Tebliğden sadece Çinliler değil, Japon, Kore, Avrupa’dan pek çok marka etkileniyor.
Ve görüyoruz ki, Türkiye geçmişinden asla ders falan almıyor.
Gençler bilmez, Türkiye’de 1990’lı yılların ortasına kadar otomobil ithalatında büyük kısıtlamalar vardı.
1970’lerde yerli sanayiyi korumak için alınan bir kararla 1,6 litreden büyük motor hacimli otomobil ithal etmek yasaktı, küçük motorlu otomobiller için de yüksek gümrük vergileri vardı.

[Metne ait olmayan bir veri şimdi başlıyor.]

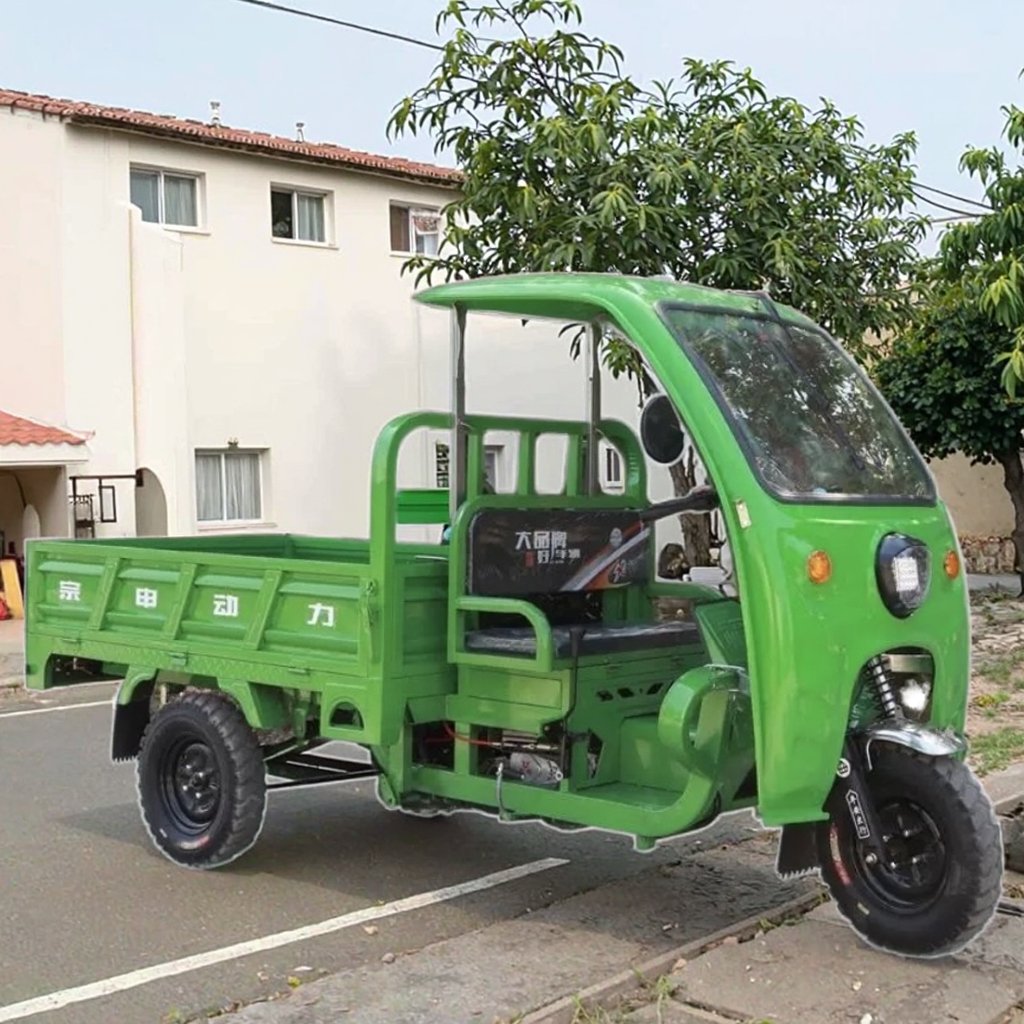 200cc Sit-Type Semi-Covered Fuel Three-Wheeled Cargo Vehicle Three Wheel Cargo Motorcycle Electric Cargo Tricycle with Roof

Bu vergiler ile yerli otomobil üreticisi Koç Grubu ve askerlere ait OYAK korunuyordu.
Koç Grubu Türkiye’de Ford ve FIAT, OYAK Grubu ise Renault lisansı ile otomobil üretiyordu.
Bunlar genelde bu markaların başka ülkelerde üretimini durdurdukları eski modeller oluyordu.
Koç yıllarca kuş serisi adı altında çağdışı kalmış Murat 131’leri, Avrupa’da esamisi okunmayan Ford Taunus’ları, Renault ise bir benzeri sadece Romanya’da Dacia markası ile üretilen Renault 12 ve sonrasında Renault 9’ları üretmişti.
Yine de Renault bir tık daha iyiydi, çünkü Renault 11 ve 21 modellerini de gümrük duvarları yıkılmadan önce de üretmeye başlamıştı.
Sonra Türkiye’nin AB ile gümrük birliği yapması gündeme geldi.
Koç Grubu bunu engellemek için bütün gücü ile atağa kalktı.
Reklam gücünün de etkisiyle, tüm gazetelerde gümrük duvarlarının kalkması halinde Türk otomobil sanayinin biteceğine herkesi inandırmaya çalıştı.